Heute sagen die Menschen zurecht, dass es jemandem, der arbeitet, besser gehen muss als jemandem, der nicht arbeitet. Deswegen ist das Thema Bürgergeld hier in Ostdeutschland und damit einhergehend soziale Gerechtigkeit ein ganz spezielles Thema. Wir wollen Menschen, die in Schwierigkeiten stecken, nicht schlechter stellen. Doch wer morgens aufsteht und arbeiten geht, dem muss es immer besser gehen als den anderen.

Sie haben Ostdeutschland selbst mehrfach angesprochen. Wie speziell ostdeutsch muss Ihr Wahlkampf werden? Und wie viel Rücksicht auf ostdeutsche Belange sollte die Bundesregierung nehmen?

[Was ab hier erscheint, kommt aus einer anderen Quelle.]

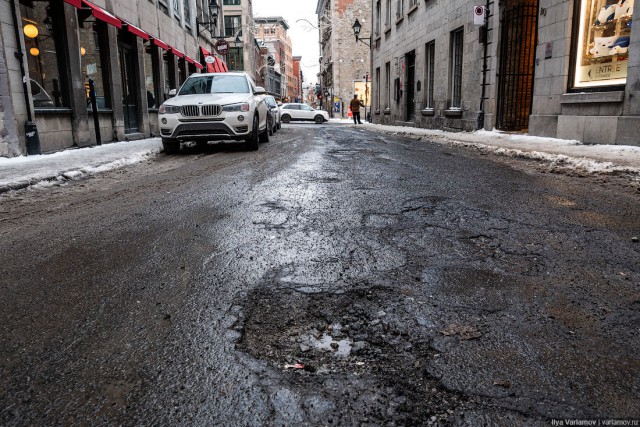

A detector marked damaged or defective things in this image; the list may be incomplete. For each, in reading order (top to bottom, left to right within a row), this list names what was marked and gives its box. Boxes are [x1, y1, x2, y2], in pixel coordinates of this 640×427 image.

cracked asphalt [0, 122, 636, 426]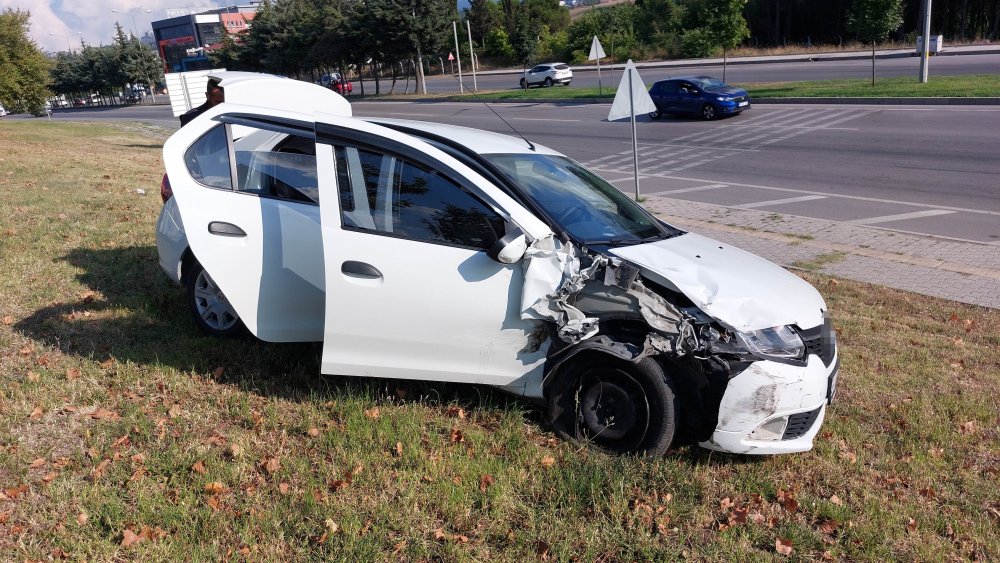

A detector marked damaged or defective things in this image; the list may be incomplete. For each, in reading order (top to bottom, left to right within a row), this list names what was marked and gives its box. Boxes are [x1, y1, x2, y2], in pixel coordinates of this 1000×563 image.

wrecked white car [156, 71, 836, 458]
broken side mirror [486, 226, 528, 266]
bent hood [608, 232, 828, 332]
cracked headlight [740, 326, 808, 362]
shattered bumper [700, 350, 840, 456]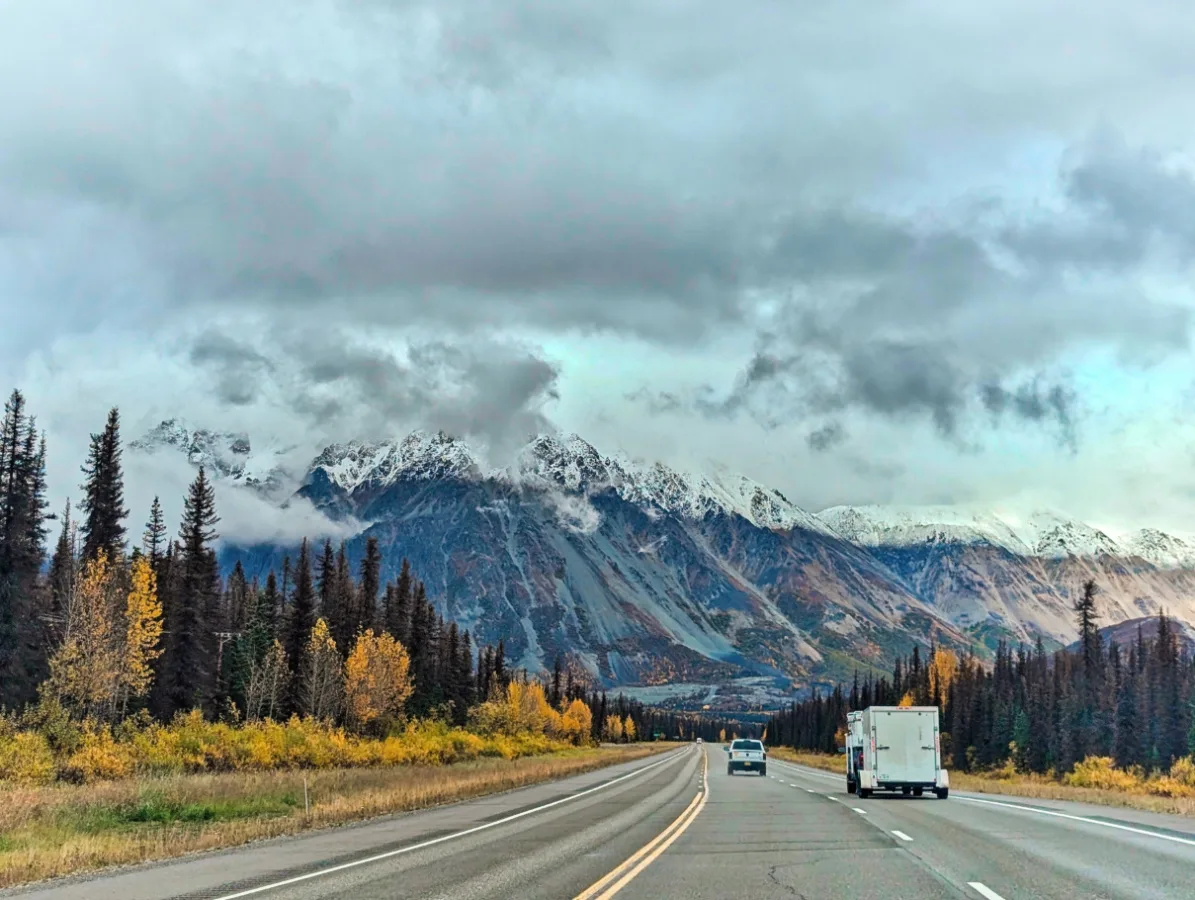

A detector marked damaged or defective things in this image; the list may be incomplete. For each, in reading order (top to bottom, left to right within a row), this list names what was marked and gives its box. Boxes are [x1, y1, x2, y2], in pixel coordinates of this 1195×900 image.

Ich selbst bin sehr stolz auf meine Heimat Sachsen-Anhalt. Wir haben hier alle gemeinsam wirklich viel erreicht. Wer das nicht glaubt, den lade ich gern zu mir ein und zeige ihm die Bilder, aufgenommen 1989 in meiner Geburtsstadt Quedlinburg. Ähnliche Bilder gibt es aus Bitterfeld, Magdeburg, Halle oder Dessau. Viele Menschen waren damals schnell arbeitslos und ohne kurzfristige Perspektive in ihrer Heimat. Heute haben wir für jeden, der arbeiten will, ein gutes Angebot, und kein Schüler muss die Schule verlassen, ohne sofort einen Ausbildungsplatz angeboten zu bekommen. Fakt ist aber auch, dass die Ängste bei den Menschen hier im Osten größer sind. Sie sorgen sich, dass alles, was aufgebaut wurde, wieder weg sein kann. Das wird auch Thema für mich hier im Wahlkampf sein. Wenn Sie so wollen, ist das bei uns im Osten Deutschlands etwas anders als im Rest der Republik.